I was watching the show "Router Workshop" and I saw how they took the bits out of the router. It seemed they used a wrench to hold the black button down to lock the shaft??? The other wrench was used for loosening the shaft. I have that wrench but the one to hold the black button I don't. Does anyone know where I can get it at?


----------



## Dan (Feb 8, 2005)

I may be wrong but I don't think they were using the second wrench to hold the button down.


----------



## kp91 (Sep 10, 2004)

The black button is one of two ways to hold the shaft while loosening bits. I still use 2 wrenches, one on the collet nut and one on the shaft, just 'cause that is what I'm used to. The spindle lock button works in place of one of the wrenches, I just don't care to use it.

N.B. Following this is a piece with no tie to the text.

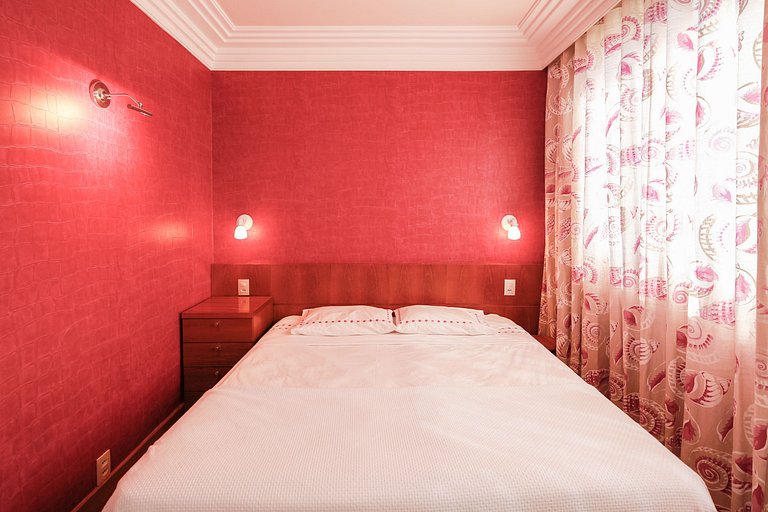 Rio114 - Cobertura de luxo beira-mar em Copacabana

If that flat wrench for holding the shaft slips off on you, go to harbor freight and pick up an 1-1/8 inch wrench and use that instead.


----------



## BobandRick (Aug 4, 2004)

We use 2 wrenches to change the bit as kp91 explained. There is no wrench designed to hold the button in.


----------



## esears1 (Mar 2, 2006)

Rick and Bob,

So what ya'll do is when you apply pressure with the one wrench you press in the button to hold it close? or do you forget about the button all together?

Thanks,

Edward


----------



## BobandRick (Aug 4, 2004)

We don't use the button at all.

The two wrench system gives you more control over the process of changing the router bit. When we use the two wrench to tighten or loosen by positioning the wrenches so you squeeze the two wrenches together to loosen or tighten. With the one wrench system and button this means that you are putting force on the wrench to loosen or tighten, which can and does slip once loosen...a real knuck buster. No real control of the process but cheaper to build.


----------